Taking advantage of the attacks, which Tehran views as false flag operations, the US has been trying to persuade its allies to join a naval mission purportedly aimed at protecting shipping lanes in Middle Eastern waterways.
Tehran has repeatedly denounced foreign intervention as the source of tensions in the Persian Gulf region, urging its allies to join hands and help ensure the region’s safety without reliance on outsiders.
In an address to the 74th session of the UN General Assembly in September 25, President Hassan Rouhani said as a steward of maritime security in the Persian Gulf and the Strait of Hormuz, Iran invites all countries that are affected by developments in the strategic region to join Hormuz Peace Endeavor (HOPE).
The initiative aims to promote peace, stability, progress and prosperity of littoral states and help achieve mutual understanding and establish peaceful and friendly relations among the neighbors, he said.
Recently, Kuwait's al-Jarida daily quoted an unnamed Iranian Foreign Ministry source as saying that Rouhani had detailed the HOPE initiative in letters sent via Kuwait to Saudi Arabia’s King Salman bin Abdulaziz Al Saud and Bahrain’s King Hamad bin Isa Al Khalifah.

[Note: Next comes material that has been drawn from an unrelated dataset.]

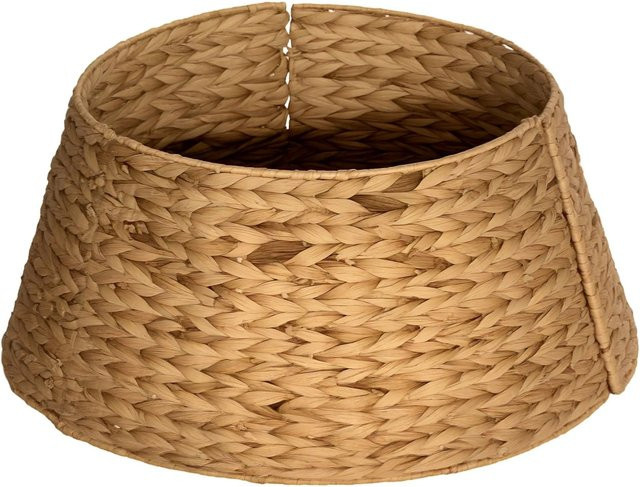 HOMCOM Weihnachtsbaumkragen aus Wasserhyazinthe und Metall in Beige und Multicolour, Durchmesser: 60 cm, Höhe: 28 cm - Bild 1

Speaking on Monday, Iranian government spokesperson Ali Rabiei also confirmed that Tehran had sent letters to the two kingdoms.
“The basis of the letters was regional peace and stability,” he said. “We believe that multiple bilateral ties could be established in the region and that US pressure should not drive a wedge between neighbors.”
Late last month, Foreign Minister Mohammad Javad Zarif said he was ready to visit Saudi Arabia to help reduce tensions between the two sides if suitable conditions existed.
Also officials of Iraq and Pakistan said, the Saudi crown prince, Mohammed bin Salman, had asked the leaders of those two countries to speak with their Iranian counterparts about de-escalation.